アトリビューション分析の先駆者でありテレビCMとネット検索の連動を日本で初めて仕掛けたことでも知られるアタラの有園雄一氏の講演から、アトリビューション分析の基礎と実践的な活用法を学ぶ。
今より得られるデータがはるかに少なかった「Web 2.0」の時代、マーケターはどの広告にいくら予算を配分すれば良いのか、自身の経験や勘に頼りながら、手探りの運用を余儀なくされていた。そこに救世主のごとく現れた「アトリビューション分析」。もともと金融の分野で用いられていた概念が最新の広告手法として米国で広まり、日本では2009年の末ごろ、広告運用コンサルティングとWeb API開発を手掛けるアタラによって最初に紹介された。
本稿では、2016年5月12日に開催された「第10回 Web & デジタル マーケティング EXPO 春」におけるアタラ取締役COO 有園雄一氏の講演「アトリビューション分析(広告効果測定)の基礎とDual AISAS Modelを適用した応用事例」から、アトリビューション分析の基礎と実践的な活用法を紹介する。
「attribute」という言葉を辞書で引いてみると、「〜のおかげだと考える、〜に起因する」という意味が出てくる。有園氏がアトリビューションという言葉を初めて耳にしたのは、2008年に米国サンノゼで開かれたイベントだったという。PCを製造販売するレノボが、自社事例を紹介する中で「アトリビューション分析を取り入れたところ、コンバージョンの獲得効率が上がった」と語るのを聞き、この言葉を「コンバージョンへの貢献度」と訳したのだそうだ。
「通常、商品の購入や資料請求の完了を伝える『サンクスページ』が表示されると、コンバージョンが発生したと見なされます。しかし、一体そのコンバージョンは、何によってもたらされたのでしょう。一般的なアクセス解析ツールや媒体社の計測ツールは、コンバージョンに至る直前のラストクリックしか計測しません。アトリビューション分析をしなければ、たとえ最初にバナー広告を見ていたとしても、全てはラストの流入をもたらしたリスティング広告のおかげだと判断するしかない。これではバナー広告の価値が見いだせず、適切な予算配分ができなくなってしまいます」と、有園氏はアトリビューション分析の意義を語る。

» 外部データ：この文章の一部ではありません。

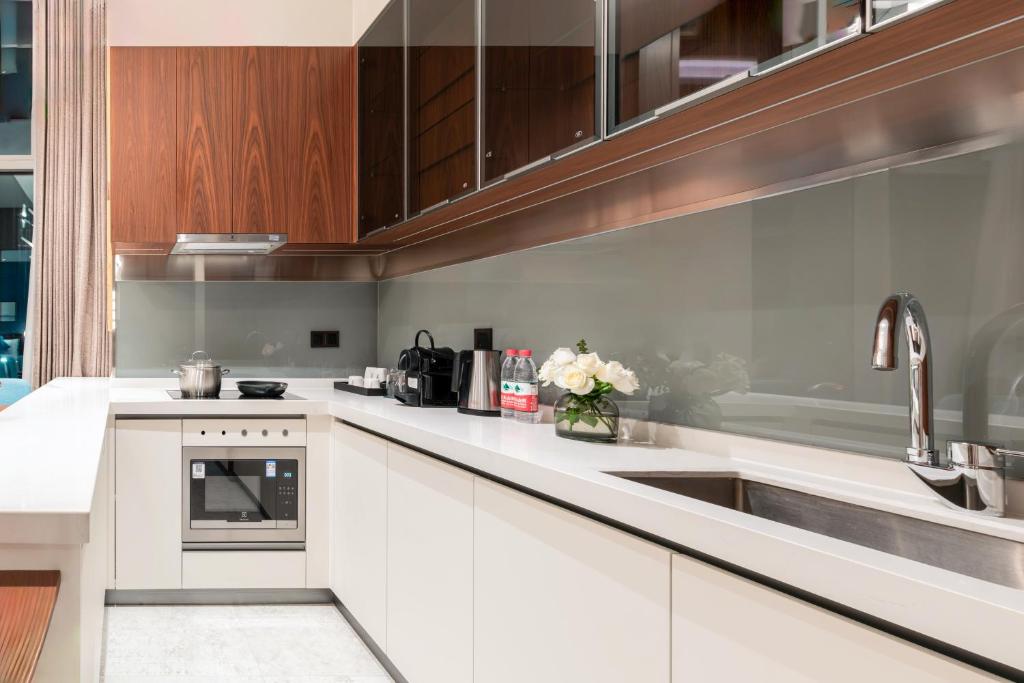 a kitchen with white cabinets and a sink at Sha Zhi Ye Serviced Apartment Hotel - Houjie Wanda Plaza Liaoxia Subway Station in Dongguan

人々の行動は多様だ。バナー広告をクリックしてサイトに入り、そのまま購入に至るケースがないわけではないが、多くの場合は、ゴールまで複雑な道のりをたどる。バナー広告を見て興味を持っていたものの、そのまま忘れていて、あるときふと思い出して再訪するということはよくある。検索結果のリスティング広告に表示されて初めてサイトの存在を知り、以後はブックマークしておいたURLから何度も訪れ、関心が高まった頃に購入するということもある。はたまた、サイトを訪れたときには特に興味を抱かなかったものの、後日リターゲティング広告が表示されて印象を新たにするということだってあるだろう。「カスタマージャーニー」のジャーニーとは「あてのない旅」を意味する。旅程表通りにはいかないのが当たり前なのだ。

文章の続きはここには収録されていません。